Change: Add luns to DB Server
Move larger tables to filegroups on new luns.
Shrink DB to leave 20% free in DB files.
Post change observations (the problem)
A SSIS Package went from running in 2 minutes to 10 minutes.
The major step is a SQL query (90% of package duration) involving two tables - these were NOT moved in the change above.
Query;
insert into x1
Select from tabB
where col1 not in (select col1 from tabA)
Table info:
tabA - 500k+ rows, clustered +3 NC indices.

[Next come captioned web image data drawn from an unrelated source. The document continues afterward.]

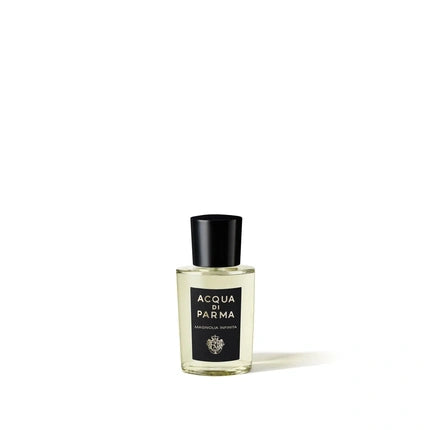 Eau de Parfum Acqua di Parma Magnolia Infinita 20ml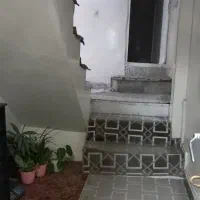 خانه فروشی|فروش خانه و ویلا|سرپل ذهاب, |دیوار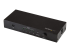 VS421HD20 - StarTech.com Automatisk HDMI-switch med 4 portar - Höger vinkel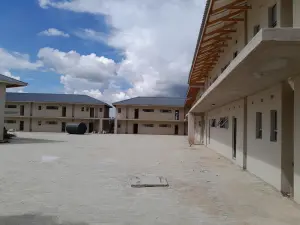 Flat/Apartment for Sale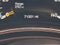 2020 Jeep Grand Cherokee Upland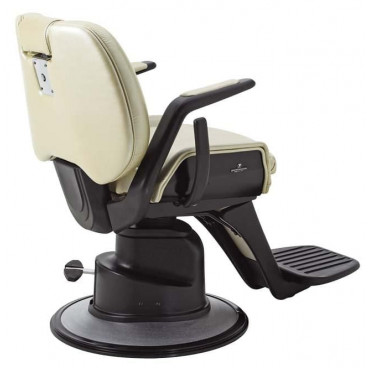 Кресло парикмахерское EUROPA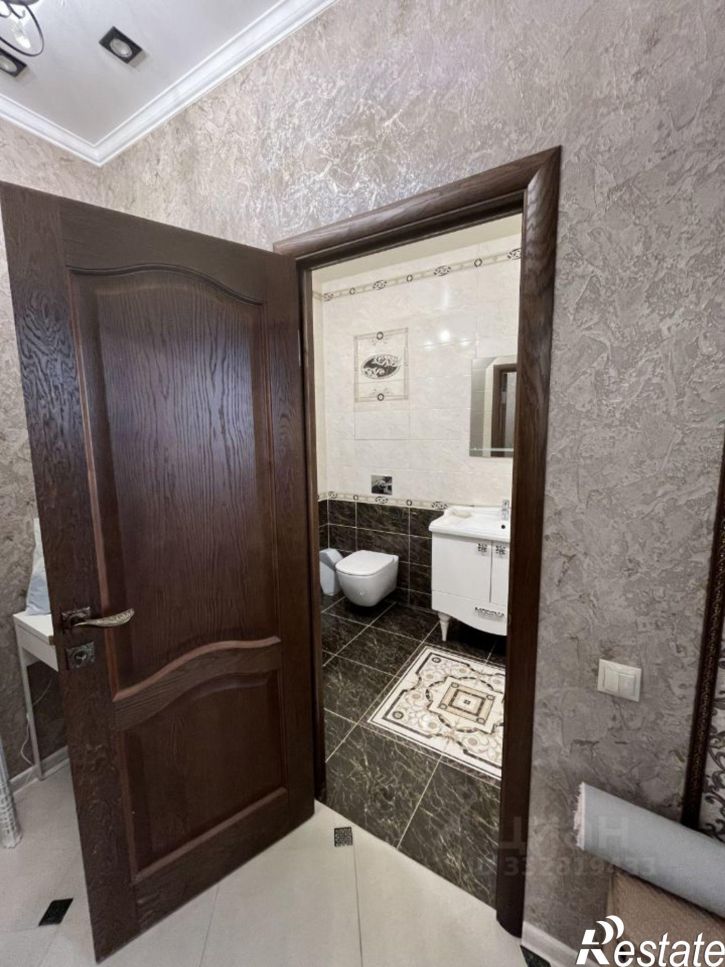 1-комн квартира Крупской пер, 27,  д. 27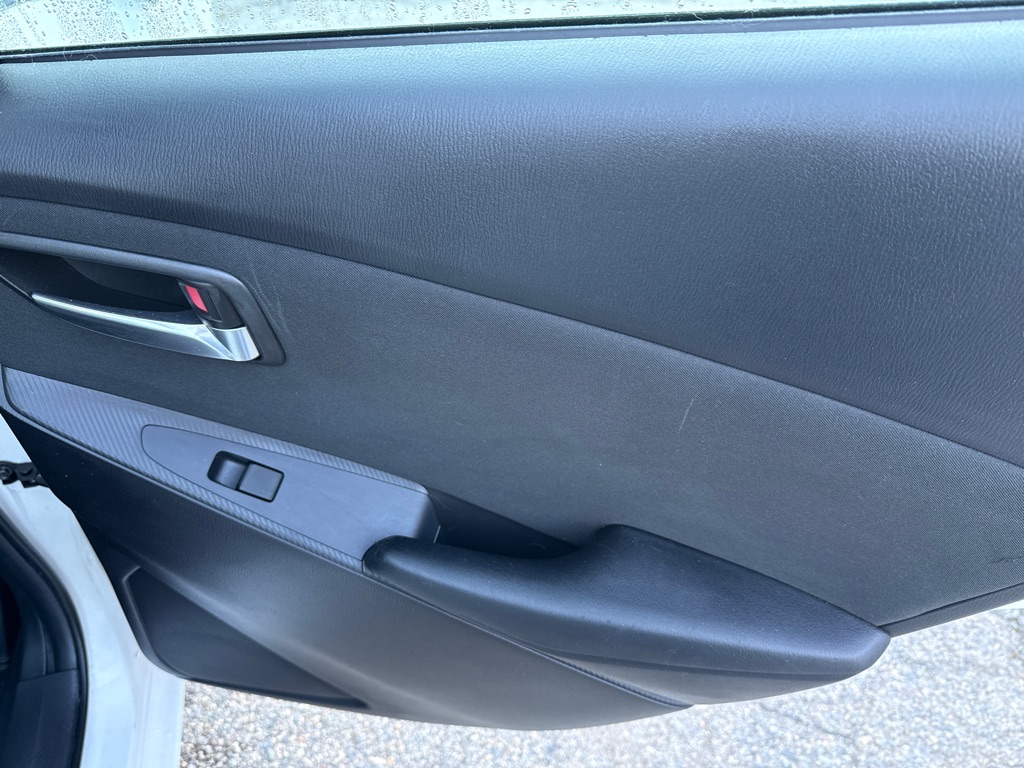 Photo 22 of this SCION IA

tabB - 300k+ rows heap - no NC indices.
Execution Plan:
scan tabB
index seek on tabA.ind2
index scan on tabA.clustered
index scan on tabA.ind4
we investigated the tables rebuild / reorganized indices and updated stats. - this caused the query duration to prolong to between 13-17 minutes
investigating the heap, i found 100k forwarded_row_count and rebuilt the heap. - query ran in 20 minutes.
Can anyone shed some light onto what may be happening here? - I am trying to understand why "std maintenance" tasks designed to improve performance is resulting in exactly the opposite
Thanks
Edit: from other internet hits on topic mentioning statistics sampling, I checked sampled rows. This turned out to be <10% of the rows in the indices. investigating further....
April 26, 2017 at 5:06 am
AnzioBake - Wednesday, April 26, 2017 1:32 AMWe are currently experiencing some strange phenomenons, and I am hoping that someone may be able to shed some light on this.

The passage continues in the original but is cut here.